WHAT IS EXPECTED: Your output should be exactly the lines from the one containing "Mediterranean Near The" through the final line of the records, both included, with every picture left out.

TASK DATA:
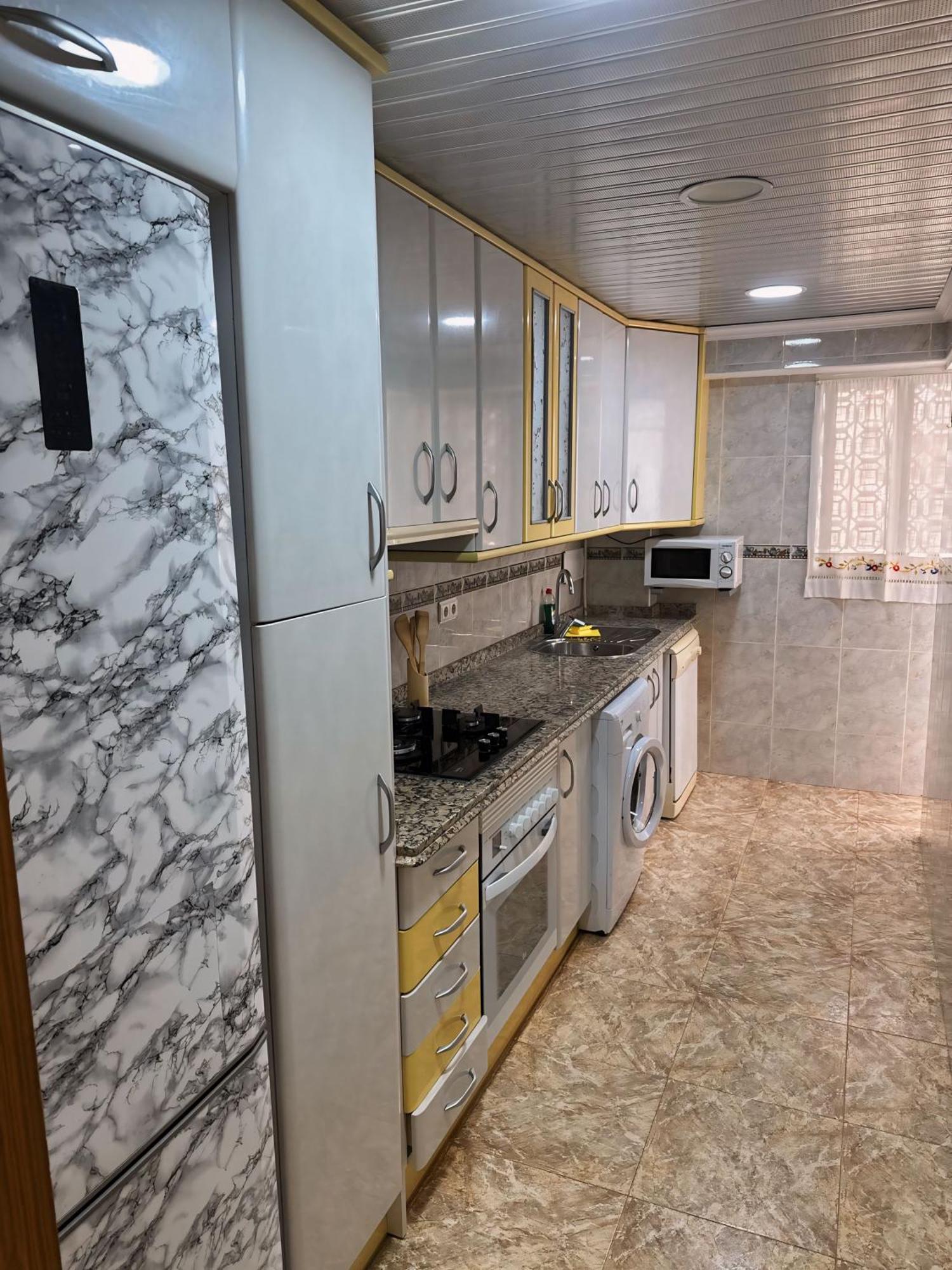 50 Pasos Hacia El Mar Apartment El Campello Luaran gambar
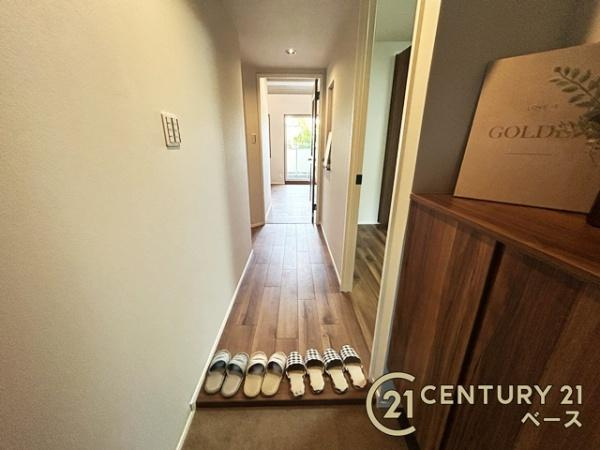 コージースクエア大和八木の玄関|すっきりとした明るい玄関が家族やお客様を迎えてくれます！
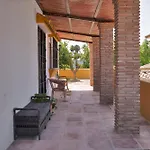 Mediterranean Near The Sea In - Palmeras 23a *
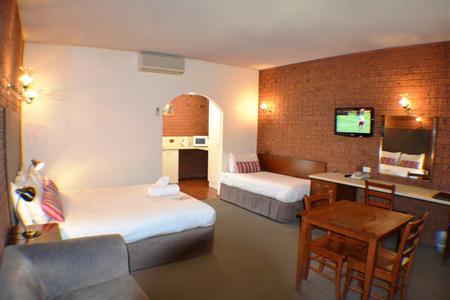 фото отеля BEST WESTERN Meramie Motor Inn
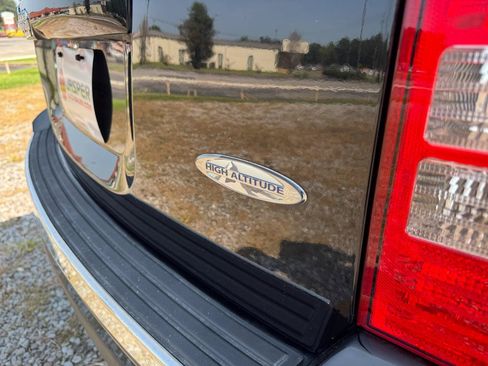 Used 2016 Jeep Patriot High Altitude FWD image 12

COMPLETED EXERCISE:
 Mediterranean Near The Sea In - Palmeras 23a *
 фото отеля BEST WESTERN Meramie Motor Inn
 Used 2016 Jeep Patriot High Altitude FWD image 12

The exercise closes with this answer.